Essential factors such as the dosage and intensity of the practice, the focus of attention on the movement outcome, and the drive provided by specific algorithms are important to achieving functional outcomes. However, these factors have been similar in our past studies. What was different in this study was the complexity of the movements required to interact with the virtual simulations. When we trained the hand alone, the gaming simulations were very simple activities, requiring only control of wrist and finger movement. Whereas in this study the activities required by the gaming simulations were more complex and required simultaneous control of integrated shoulder, elbow, forearm, wrist and finger movements. These factors appear to have had a substantial, positive effect on our goal of improving hemiparetic hand function.

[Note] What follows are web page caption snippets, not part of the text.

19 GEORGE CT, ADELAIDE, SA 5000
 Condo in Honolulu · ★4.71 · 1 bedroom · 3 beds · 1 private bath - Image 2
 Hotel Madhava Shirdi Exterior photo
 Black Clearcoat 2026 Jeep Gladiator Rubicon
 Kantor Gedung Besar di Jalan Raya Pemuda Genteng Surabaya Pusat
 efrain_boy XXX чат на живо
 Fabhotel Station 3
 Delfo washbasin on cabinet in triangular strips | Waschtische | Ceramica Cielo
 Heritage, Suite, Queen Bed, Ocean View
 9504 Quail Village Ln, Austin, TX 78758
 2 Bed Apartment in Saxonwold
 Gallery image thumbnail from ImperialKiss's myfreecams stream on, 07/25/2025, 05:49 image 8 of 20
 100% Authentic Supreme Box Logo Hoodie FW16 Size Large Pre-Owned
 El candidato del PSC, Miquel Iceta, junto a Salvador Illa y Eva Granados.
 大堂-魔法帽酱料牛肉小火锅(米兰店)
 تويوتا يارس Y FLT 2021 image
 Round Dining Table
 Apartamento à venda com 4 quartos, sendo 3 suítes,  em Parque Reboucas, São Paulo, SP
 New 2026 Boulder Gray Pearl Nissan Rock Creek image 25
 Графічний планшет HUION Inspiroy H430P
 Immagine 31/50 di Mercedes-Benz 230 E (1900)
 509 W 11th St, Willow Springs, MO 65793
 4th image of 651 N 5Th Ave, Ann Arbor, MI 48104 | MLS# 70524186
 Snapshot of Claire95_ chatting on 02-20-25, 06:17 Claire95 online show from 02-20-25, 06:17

However, an important question to consider is whether it is the complexity of the simulations or the consistent training of integrated shoulder, elbow, forearm, wrist and finger movements that is responsible for these improvements. This question engenders another possible training variation. Will the findings be as robust if the subjects train on complex activities that only require independent and discrete upper arm movements or hand movements. To answer this question our lab is in the process of initiating a randomized controlled trial testing for the effect of integrated versus isolated training of proximal and distal upper extremity effectors to compare the outcomes with our previous findings.